The paper said large home-based providers kept all of the government subsidy and used parents' fees to pay their educators, most of whom were treated as contractors. It said this often resulted in educators earning below the minimum wage.
"Educators typically receive a rate per child and depending on the rate, it is possible for them to earn less than the minimum wage unless they are caring for four children. Furthermore, there have been instances where educators have received vouchers instead of money," it said.
"The Ministry also became aware that parents may not know that their child is generating a government subsidy, resulting in instances of parents bearing a disproportionate share of the cost of ECE. The Ministry has observed that some providers do not generally make parents aware of the ECE subsidy, nor the level of subsidy their child generates across both 20 hours ECE and the ECE subsidy."
The government proposed that home-based companies should be required to hire their educators as employees, or pay them the government subsidy.
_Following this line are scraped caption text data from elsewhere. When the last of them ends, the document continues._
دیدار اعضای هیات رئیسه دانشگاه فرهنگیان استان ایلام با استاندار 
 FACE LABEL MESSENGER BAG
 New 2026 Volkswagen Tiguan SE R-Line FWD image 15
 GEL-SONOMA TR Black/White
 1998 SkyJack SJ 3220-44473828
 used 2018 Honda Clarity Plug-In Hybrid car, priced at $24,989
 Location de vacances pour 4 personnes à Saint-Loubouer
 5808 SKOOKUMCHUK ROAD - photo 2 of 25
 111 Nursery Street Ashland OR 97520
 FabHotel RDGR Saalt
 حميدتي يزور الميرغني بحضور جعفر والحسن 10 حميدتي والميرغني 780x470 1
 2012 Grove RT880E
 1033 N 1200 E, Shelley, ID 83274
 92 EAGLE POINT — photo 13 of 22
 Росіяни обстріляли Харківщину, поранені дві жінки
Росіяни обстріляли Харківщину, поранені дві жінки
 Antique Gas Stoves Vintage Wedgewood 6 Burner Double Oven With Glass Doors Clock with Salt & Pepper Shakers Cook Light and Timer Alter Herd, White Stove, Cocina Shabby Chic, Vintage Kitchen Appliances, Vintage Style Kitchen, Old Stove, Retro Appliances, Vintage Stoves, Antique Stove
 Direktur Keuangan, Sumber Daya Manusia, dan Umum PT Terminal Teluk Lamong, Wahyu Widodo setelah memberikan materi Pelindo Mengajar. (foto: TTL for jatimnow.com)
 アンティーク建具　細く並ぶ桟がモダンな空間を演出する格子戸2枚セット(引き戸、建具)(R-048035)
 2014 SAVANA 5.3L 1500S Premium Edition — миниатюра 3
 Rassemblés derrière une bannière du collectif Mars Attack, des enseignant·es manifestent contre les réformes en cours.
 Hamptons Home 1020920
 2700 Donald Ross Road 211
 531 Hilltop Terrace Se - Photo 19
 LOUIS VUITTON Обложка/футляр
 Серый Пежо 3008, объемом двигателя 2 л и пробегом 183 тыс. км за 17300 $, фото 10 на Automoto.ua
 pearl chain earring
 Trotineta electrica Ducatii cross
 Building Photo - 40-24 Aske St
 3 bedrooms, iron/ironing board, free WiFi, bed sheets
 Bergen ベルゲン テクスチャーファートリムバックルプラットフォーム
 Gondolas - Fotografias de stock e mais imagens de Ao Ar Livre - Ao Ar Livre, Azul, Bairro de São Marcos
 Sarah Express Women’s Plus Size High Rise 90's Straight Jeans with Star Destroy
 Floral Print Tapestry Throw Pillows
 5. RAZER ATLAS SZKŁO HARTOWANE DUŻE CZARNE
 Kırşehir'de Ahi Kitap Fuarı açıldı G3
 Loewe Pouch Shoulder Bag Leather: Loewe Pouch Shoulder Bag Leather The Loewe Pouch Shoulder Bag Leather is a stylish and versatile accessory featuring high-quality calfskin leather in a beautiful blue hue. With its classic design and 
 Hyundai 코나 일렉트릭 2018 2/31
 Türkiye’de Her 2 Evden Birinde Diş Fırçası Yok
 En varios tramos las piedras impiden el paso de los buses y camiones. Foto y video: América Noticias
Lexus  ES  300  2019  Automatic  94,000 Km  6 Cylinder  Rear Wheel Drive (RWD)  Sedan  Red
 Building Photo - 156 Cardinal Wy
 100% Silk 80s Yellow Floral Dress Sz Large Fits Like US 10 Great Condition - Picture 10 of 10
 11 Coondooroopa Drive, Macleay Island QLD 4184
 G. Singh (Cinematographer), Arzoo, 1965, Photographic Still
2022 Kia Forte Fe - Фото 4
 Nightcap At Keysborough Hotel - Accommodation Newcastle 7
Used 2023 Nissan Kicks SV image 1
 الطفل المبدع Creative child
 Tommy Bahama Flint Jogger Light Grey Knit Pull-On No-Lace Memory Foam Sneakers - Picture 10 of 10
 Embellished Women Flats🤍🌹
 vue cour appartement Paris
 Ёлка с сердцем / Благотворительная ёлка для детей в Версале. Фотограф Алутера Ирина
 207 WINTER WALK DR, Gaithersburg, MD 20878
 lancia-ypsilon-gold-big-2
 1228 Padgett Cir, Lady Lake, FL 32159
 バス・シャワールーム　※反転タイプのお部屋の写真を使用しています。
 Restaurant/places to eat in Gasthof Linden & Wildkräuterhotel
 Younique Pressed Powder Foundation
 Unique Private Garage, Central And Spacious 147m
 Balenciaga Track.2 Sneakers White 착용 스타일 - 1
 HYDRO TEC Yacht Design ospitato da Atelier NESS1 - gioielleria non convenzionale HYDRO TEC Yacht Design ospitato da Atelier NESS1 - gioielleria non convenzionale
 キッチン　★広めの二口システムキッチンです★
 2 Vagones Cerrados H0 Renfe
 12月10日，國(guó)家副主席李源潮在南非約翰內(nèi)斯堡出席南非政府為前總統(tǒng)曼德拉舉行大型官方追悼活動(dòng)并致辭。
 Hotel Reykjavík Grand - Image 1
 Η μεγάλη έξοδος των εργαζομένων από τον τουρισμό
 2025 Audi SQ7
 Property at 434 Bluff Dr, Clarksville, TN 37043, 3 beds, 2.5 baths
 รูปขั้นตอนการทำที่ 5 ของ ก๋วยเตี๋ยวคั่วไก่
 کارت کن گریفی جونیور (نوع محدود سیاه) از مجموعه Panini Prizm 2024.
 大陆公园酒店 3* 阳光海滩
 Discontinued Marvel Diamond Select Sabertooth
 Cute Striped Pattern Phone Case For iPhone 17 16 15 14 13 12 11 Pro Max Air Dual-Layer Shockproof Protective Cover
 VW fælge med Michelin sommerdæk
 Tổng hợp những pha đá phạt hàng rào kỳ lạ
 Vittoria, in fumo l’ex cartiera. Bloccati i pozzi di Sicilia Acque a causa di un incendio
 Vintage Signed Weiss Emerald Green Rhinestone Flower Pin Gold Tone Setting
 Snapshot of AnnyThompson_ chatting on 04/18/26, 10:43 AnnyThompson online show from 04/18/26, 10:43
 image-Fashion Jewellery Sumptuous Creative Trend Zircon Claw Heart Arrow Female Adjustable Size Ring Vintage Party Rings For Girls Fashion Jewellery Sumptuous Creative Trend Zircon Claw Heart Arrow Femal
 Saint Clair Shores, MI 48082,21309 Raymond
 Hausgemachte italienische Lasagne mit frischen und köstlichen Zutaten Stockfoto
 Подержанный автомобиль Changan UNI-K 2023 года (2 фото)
It suggested that all educators should have at least a level 4 certificate in early childhood education, and that supervising teachers should visit each home-based educator as often as once a week.
It also proposed that home-based companies should report their income and expenditure to the Education Ministry and should inform parents about the level of government subsidy they received.
In 2011 a government advisory group called for an urgent review of home-based, but the review was abandoned in 2012.
One of the members of the group, Peter Reynolds from the Early Childhood Council, said the government's proposals were a good attempt to level the playing field between early childhood centres and home-based services.
"It's important that parents get an assurance of the same level of expectation, the same level of quality that they might in other parts of the sector," he said.
Mr Reynolds said introducing a minimum qualification for home-based educators was particularly important.
But Home Education Learning Organisation spokesperson Raewyn Overton-Stuart said many very good educators would leave the sector rather than attempt a qualification.
"That would be massive. We have a largely untrained workforce so there would be a significant investment needed to put all of the educators through a qualification," she said.
Ms Overton-Stuart said there were other measures of quality, such as providing education with a small number of children per adult.
She said the organisation also disagreed with a government proposal that companies should employ home-based carers directly.
"It's going to increase the cost on average, we believe, by 150 percent, which would have to be passed on to the family and it's obviously not sustainable," she said.
"The current self-employed model works for us."
Susan Phua from the Home-Based Early Childhood Education Association said its members were still considering the government's proposals.
The sector had wanted a review for the past 10 years because the Education Ministry did not fully understand the way it worked, she said.